Cop killer Herman Bell released after 44 years

Those who say "time heals all wounds" would never use that expression to describe the cold-blooded murders of New York City police officers Waverly Jones and Joseph Piagentini.

Convicted cop killer Herman Bell served 44 years in prison, expressed remorse, and was deemed safe to society by the state's parole board after his eighth parole hearing. He was released from Shawangunk Correctional Facility in Wallkill on Friday.

"Respect for the law has now been shot down when you have a parole board that does not follow the law, a court that doesn't establish the rules to make sure they follow the law," PBA President Patrick Lynch said. "We have a political and a justice system that has failed us."

In 1971, Bell and two other members of the radical group Black liberation Army lured the two officers to a Harlem housing development with a bogus 911 call. In the ambush, Jones died from a single gunshot.

Wounded, Piagentini begged for his life in the name of his two daughters. Herman Bell emptied both of his guns. Piagentini was shot 22 times, authorities said.

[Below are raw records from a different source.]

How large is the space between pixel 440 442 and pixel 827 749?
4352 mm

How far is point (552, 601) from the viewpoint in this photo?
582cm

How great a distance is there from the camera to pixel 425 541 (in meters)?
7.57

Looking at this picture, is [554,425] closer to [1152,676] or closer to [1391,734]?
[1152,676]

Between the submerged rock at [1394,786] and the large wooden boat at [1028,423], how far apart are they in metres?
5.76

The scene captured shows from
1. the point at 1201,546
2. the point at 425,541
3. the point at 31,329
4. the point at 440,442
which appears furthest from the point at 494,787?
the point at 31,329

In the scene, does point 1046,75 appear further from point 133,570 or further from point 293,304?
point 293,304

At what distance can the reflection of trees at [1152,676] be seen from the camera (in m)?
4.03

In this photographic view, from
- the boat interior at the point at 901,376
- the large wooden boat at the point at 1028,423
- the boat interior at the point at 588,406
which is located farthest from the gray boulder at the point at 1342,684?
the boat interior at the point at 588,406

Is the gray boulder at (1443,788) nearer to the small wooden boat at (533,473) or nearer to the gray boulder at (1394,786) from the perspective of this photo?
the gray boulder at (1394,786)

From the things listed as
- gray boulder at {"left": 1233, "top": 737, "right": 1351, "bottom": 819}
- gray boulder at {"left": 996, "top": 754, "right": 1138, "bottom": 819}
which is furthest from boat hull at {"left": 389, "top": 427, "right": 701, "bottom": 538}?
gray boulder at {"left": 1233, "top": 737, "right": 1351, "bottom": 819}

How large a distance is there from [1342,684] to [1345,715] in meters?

In 1979, Bell and the two accomplices were convicted of murder. A judge sentenced them to 25 years to life in prison, which was the law at the time. One accomplice died in prison while the other, Anthony Bottom, is due for a parole hearing in June.

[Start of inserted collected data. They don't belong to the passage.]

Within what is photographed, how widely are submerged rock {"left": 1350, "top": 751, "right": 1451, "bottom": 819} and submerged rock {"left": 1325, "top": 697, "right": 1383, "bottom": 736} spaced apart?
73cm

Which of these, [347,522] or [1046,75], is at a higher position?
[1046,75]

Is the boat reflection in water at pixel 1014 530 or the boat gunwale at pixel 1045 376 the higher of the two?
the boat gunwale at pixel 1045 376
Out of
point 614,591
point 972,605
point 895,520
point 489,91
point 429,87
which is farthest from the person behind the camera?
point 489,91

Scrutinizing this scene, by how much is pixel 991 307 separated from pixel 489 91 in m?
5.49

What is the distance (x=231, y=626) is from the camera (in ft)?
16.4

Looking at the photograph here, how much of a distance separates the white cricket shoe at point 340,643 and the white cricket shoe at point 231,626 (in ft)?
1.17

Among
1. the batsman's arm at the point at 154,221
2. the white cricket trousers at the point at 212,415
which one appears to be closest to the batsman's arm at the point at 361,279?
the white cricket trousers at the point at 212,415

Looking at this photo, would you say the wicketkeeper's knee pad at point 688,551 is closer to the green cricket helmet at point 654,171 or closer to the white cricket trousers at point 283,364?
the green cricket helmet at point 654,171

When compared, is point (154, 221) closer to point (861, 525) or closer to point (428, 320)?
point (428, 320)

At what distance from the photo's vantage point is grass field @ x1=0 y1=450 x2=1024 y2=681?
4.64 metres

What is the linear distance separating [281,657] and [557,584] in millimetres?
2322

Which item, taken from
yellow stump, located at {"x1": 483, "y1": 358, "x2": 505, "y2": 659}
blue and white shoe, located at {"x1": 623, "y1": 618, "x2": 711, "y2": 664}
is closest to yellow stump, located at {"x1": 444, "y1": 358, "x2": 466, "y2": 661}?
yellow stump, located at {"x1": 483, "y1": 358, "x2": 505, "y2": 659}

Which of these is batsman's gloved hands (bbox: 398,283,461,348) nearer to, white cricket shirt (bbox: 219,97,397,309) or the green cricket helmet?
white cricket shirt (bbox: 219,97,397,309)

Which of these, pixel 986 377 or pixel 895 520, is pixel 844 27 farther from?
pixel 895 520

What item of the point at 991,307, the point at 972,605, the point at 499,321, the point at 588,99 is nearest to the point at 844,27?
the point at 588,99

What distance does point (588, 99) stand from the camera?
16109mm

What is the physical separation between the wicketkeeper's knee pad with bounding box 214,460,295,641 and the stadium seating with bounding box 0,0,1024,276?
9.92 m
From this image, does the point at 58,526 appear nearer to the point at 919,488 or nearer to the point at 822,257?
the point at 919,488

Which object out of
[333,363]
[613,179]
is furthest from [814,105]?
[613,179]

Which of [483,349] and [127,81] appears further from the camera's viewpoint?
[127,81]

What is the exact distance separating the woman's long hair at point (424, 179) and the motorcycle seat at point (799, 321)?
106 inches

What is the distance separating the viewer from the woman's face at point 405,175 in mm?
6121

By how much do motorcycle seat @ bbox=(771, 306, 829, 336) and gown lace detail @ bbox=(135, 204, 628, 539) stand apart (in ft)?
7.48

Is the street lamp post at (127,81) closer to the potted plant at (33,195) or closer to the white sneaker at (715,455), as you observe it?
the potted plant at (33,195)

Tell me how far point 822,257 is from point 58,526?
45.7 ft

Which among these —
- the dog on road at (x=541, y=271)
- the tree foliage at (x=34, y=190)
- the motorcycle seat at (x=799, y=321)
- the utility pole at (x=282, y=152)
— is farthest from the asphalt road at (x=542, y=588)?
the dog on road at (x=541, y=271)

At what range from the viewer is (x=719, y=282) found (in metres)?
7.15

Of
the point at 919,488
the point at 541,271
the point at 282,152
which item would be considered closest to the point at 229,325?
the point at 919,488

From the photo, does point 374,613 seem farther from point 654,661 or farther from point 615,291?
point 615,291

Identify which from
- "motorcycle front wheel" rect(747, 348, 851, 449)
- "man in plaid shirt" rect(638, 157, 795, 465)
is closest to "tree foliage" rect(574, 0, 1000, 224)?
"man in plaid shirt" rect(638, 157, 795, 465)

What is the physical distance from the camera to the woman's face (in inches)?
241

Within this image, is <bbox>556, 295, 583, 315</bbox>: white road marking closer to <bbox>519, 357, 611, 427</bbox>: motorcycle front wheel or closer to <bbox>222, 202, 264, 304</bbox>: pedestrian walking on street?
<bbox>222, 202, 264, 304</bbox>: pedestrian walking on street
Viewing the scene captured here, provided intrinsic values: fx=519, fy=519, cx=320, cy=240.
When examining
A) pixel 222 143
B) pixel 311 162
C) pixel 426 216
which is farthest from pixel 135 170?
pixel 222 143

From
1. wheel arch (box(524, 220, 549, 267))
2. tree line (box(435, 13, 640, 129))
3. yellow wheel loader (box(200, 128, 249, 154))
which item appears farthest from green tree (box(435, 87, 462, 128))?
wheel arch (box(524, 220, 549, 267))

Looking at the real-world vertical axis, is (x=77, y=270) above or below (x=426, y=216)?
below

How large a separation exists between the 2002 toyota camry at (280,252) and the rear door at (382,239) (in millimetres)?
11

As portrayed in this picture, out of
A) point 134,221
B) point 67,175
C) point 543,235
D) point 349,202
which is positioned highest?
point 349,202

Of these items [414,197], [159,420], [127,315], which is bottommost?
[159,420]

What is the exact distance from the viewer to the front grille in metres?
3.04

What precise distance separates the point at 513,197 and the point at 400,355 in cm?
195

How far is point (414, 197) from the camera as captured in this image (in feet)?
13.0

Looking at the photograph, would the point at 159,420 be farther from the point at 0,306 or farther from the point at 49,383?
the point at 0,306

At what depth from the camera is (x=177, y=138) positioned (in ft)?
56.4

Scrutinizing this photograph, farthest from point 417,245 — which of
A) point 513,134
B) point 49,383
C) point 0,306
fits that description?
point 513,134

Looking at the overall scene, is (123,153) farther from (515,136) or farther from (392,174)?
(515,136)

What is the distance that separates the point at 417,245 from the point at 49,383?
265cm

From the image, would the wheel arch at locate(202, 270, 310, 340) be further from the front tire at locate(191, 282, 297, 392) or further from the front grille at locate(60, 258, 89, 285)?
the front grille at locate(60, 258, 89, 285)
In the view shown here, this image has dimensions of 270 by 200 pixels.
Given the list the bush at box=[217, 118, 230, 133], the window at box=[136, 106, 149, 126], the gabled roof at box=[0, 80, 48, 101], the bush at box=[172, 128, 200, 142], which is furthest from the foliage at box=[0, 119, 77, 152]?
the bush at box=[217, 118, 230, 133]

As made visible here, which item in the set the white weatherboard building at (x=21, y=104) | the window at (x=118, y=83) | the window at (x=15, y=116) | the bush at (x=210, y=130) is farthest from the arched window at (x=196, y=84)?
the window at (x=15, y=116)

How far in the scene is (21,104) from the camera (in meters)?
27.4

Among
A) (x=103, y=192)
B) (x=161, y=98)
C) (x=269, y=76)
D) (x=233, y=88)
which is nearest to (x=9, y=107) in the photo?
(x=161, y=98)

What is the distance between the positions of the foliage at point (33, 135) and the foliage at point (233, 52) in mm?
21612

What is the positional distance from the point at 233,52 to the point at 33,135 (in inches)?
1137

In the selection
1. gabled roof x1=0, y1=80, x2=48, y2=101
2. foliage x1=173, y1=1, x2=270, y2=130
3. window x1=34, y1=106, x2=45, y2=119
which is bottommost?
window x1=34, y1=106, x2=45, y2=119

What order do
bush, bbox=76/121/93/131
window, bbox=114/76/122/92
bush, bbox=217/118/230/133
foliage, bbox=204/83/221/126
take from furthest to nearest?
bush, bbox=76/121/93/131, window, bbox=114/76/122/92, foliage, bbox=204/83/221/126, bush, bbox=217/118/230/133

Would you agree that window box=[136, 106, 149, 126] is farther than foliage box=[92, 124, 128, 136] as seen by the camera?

Last month when the parole board approved Bell's release, Piagentini's widow, Diane Piagentini, said the decision "put a bulls-eye on every officer who serves the city and this country." She said in a statement released Friday that Gov. Andrew Cuomo "failed to uphold his oath" to protect New Yorkers.

"Shame on you. You should have put politics aside and done the right thing. You should have given us a new parole hearing," Piagentini said. "You should have at least met with us and done right for two police officers, Joseph Piagentini and Waverly Jones, who were killed protecting and serving the citizens of New York."

The PBA filed a lawsuit on her behalf to block Bell's release. An appellate judge on Wednesday denied the union's request for a temporary restraining order to keep Bell behind bars.

Cuomo has said that he disagrees with the board's decision to release Bell.